Bahcesehir University, School of Medicine, Department of Medical Biology, Istanbul, Turkey.
Turk Neurosurg. 2021;31(4):587-593. doi: 10.5137/1019-5149.JTN.33347-20.2.
To elucidate the association of the MTHFR, MTRR, and RAD54L gene variations with meningioma in Turkish cohort.
DNAs were isolated from 87 retrospective meningioma samples. The MTHFR, MTRR, and RAD54L gene hotspot regions were amplified with specific primers via polymerase chain reaction (PCR), and next-generation sequencing (NGS) was performed. All the detected variations and single-nucleotide polymorphisms (SNPs) were listed and compared with healthy control frequencies in different genomic databases. The histopathological characteristics of meningiomas and genomic variations were compared. Pearson?s chi-squared test was used to detect the statistical differences of SNPs, and correlation analysis was conducted.

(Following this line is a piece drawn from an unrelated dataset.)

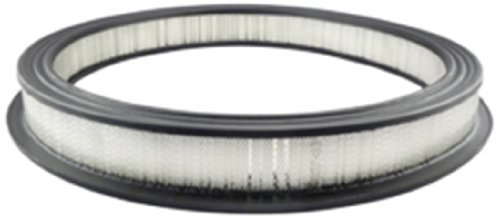 Air Filters Hastings Filters AF26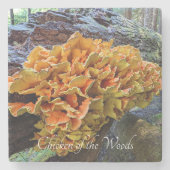 Oranje Kip van de Bossen Paddestoel Stenen Onderzetter (Voorkant)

rs1801131, rs1801133, and rs4846051 on MTHFR, rs1801394 on MTRR, and rs1048771 on RAD54L gene frequencies were found to be significantly altered in the overall cohort of 87 patients with meningioma. The frequency of rs18011031 is 0.09 in the meningioma cohort, which is significantly correlated with WHO tumor grades (p = 0.038). The frequency of rs18011033 is 0.29 in the meningioma cohort, which is significantly correlated with WHO tumor grades (p = 0.045). Furthermore, the frequency of rs4846051 is 0.18 in the meningioma cohort, which is significantly correlated with WHO tumor grades (p = 0.023) and also with low Ki67 proliferation index (p = 0.00455). The frequency of rs1801394 is 0.15 and significantly associated with high Ki67 proliferation index in the meningioma cohort (p = 0.0144). The frequency of rs1048771 is 0.09 in the meningioma cohort and is significantly associated with the non-necrotic histopathological form of the tumor (p = 0.05).
We reported a significant association between the genetic alterations of folate metabolism (MTHFR, MTRR) and DNA repair mechanism (RAD54L) genes with the histopathological characteristics of meningioma. Five significant SNPs on these genes and four significant correlations of SNPs with histopathological characteristics were identified. This is a preliminary promising study conducted to establish the genetic marker analysis for meningioma diagnosis and prognosis for folate metabolism and DNA repair genes in Turkish cohort.
阐明 MTHFR、MTRR 和 RAD54L 基因变异与土耳其队列脑膜瘤的关联。
从 87 例回顾性脑膜瘤样本中分离 DNA。使用特定引物通过聚合酶链反应 (PCR) 扩增 MTHFR、MTRR 和 RAD54L 基因热点区域,并进行下一代测序 (NGS)。列出并比较所有检测到的变异和单核苷酸多态性 (SNP) 与不同基因组数据库中健康对照的频率。比较脑膜瘤的组织病理学特征和基因组变异。使用 Pearson χ 2 检验检测 SNP 的统计学差异,并进行相关性分析。
MTHFR 上的 rs1801131、rs1801133 和 rs4846051、MTRR 上的 rs1801394 和 RAD54L 基因上的 rs1048771 频率在 87 例脑膜瘤患者的总体队列中发现明显改变。脑膜瘤队列中 rs18011031 的频率为 0.09,与 WHO 肿瘤分级显著相关 (p = 0.038)。脑膜瘤队列中 rs18011033 的频率为 0.29,与 WHO 肿瘤分级显著相关 (p = 0.045)。此外,脑膜瘤队列中 rs4846051 的频率为 0.18,与 WHO 肿瘤分级显著相关 (p = 0.023),与低 Ki67 增殖指数也显著相关 (p = 0.00455)。脑膜瘤队列中 rs1801394 的频率为 0.15,与 Ki67 增殖指数高显著相关 (p = 0.0144)。脑膜瘤队列中 rs1048771 的频率为 0.09,与肿瘤非坏死组织病理学形式显著相关 (p = 0.05)。
我们报告了叶酸代谢 (MTHFR、MTRR) 和 DNA 修复机制 (RAD54L) 基因的遗传改变与脑膜瘤组织病理学特征之间存在显著关联。在这些基因上发现了 5 个显著的 SNP 和 4 个 SNP 与组织病理学特征的显著相关性。这是一项初步的有前景的研究,旨在为土耳其队列的叶酸代谢和 DNA 修复基因建立脑膜瘤诊断和预后的遗传标记分析。